Another Outrageous Killing
Like a lot of Americans I’ve heard about the violent death of Alton Sterling at the hands of two police officers in Baton Rouge, Louisiana. As with Tamar Rice, Michael Brown, Sandra Bland, Eric Garner, and others, whose names have become familiar through their deaths and the relentless work of many to say their names, Sterling’s death is outrageous. From looking at the shocking and sickening video it seems more apt to call the death a murder or an assassination.
The Death Toll Rises Daily
As of this morning, the number of people killed by police in America is 558. 15 of those in just the first six days of July.
One of my Facebook friends from the UK, Tim Crowhurst, put the numbers into perspective. “In a typical year, US cops kill more than 1000 civilians. In the UK the equivalent number is 2. Accounting for differences in population size, this means Americans are 10,000% more likely than Brits to be killed by those who duty is ostensibly to serve and protect.”
And if you are a person of color and male in the USA the likelihood of violence at the hands of law enforcers increases. The Guardian has a grisly counter of all the people killed by police in the USA. It includes names–when they are known–US state where they were killed, and cause of death–which is mostly gunshot, although some died in custody or from an officer with a taser.
The Disproportion of Black Deaths
All of these deaths are tragic, and I imagine most if not all are completely unnecessary. This year like most years white victims outnumber the people of color who die at the hands of police.

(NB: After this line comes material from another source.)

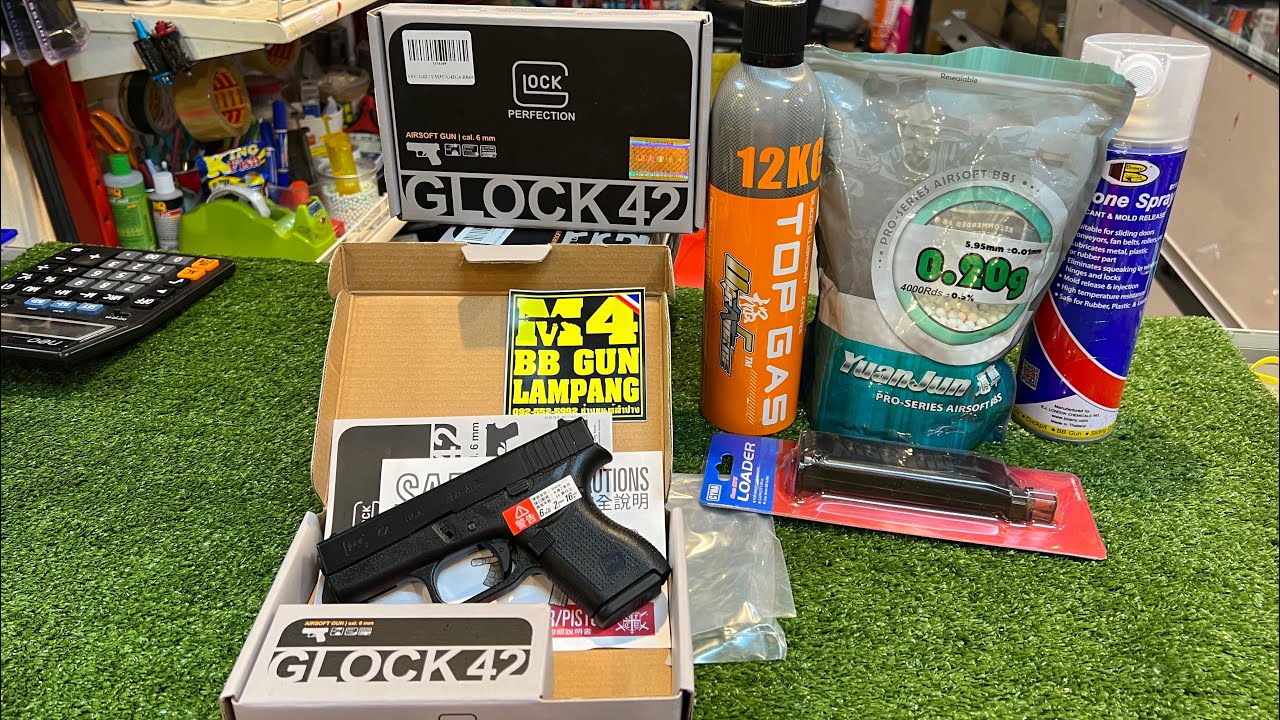 GLOCK 42 UMAREX ทดสอบปืนสั้นอัดแก๊ส Glock 42 ลิขสิทธิ์จากเยอรมันเล็กน่ารัก น่าสะสม ทุกมิติงาน 1:1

But when we break those numbers down, we see that based on the number of people of color in the USA, they experience this violence at a higher rate. 3.21 Black people per million are killed compared to 1.35 of white people. 3.4 Native Americans and 1.51 Hispanic/Latino people per million are victims of police violence during arrest and in custody.

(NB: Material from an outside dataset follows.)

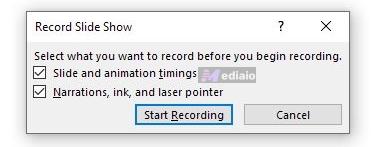 hit Start Recording | Record Audio on PowerPoint Computer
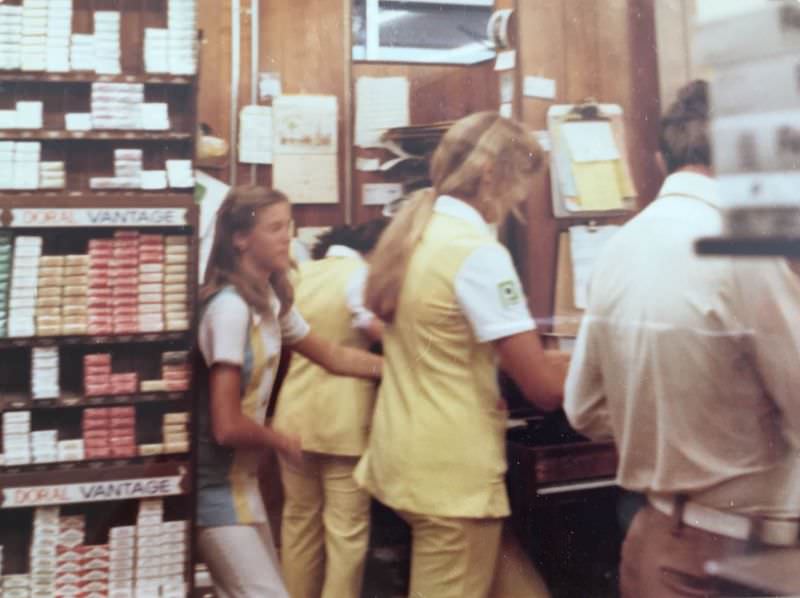 Supermarket cashiers, 1980.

While the media fixates on what they call riots, I am much more concerned with police departments funded by my tax dollars locally and federally. This is beyond a crisis–this is an outrage–an epidemic of violence, and I help finance it.
Police Violence Denial?
As someone who is a climate advocate, I run across denial and skepticism from people, who even with mountains of evidence still need further proof that our climate is rapidly changing and our pollution is the cause. Similarly I find that fellow whites (some? many?) harbor doubts about the chronic police violence against Black men and other people of color. They cringe at the words racism and white supremacy and systemic racial oppression.
As a white person, I have been raised to trust the police and distrust anyone labelled a perpetrator, particularly non-whites. I have been taught by the media and other white dominated social institutions and in social circles to give the police the benefit of the doubt–to always assume they had just cause and that they are basically good people doing their jobs. That or they are mostly good guys with a few bad apples.
But how can I deny the numbers? Why should I try? And how is it that even if it were just a few bad apples that virtually none of these killings by police end up in a conviction of the officer responsible?
My Taxes Dollars at Work: Financing the Police
My tax dollars fund the police. My tax dollars fund the police violence. My tax dollars fund the racist police violence.
They, the police and police departments in all of our towns and cities and states, are accountable to tax payers and non-taxpayers–children like Tamir Rice and those who do not earn enough to pay taxes. They are accountable to the citizens on the street regardless if they are suspected of criminal activity or not. The police have the mandate to serve and protect–not do disservice to the people of color and the destruction to families.
Be Disturbed enough to Act
You will hear a lot about Alton Sterling. White people may feel disturbed, as we should. We have blood on our hands. We have the responsibility to open our eyes, listen, learn, and work out how we can move beyond being a barely conscious bystander to someone engaged in the struggle to stop this violence.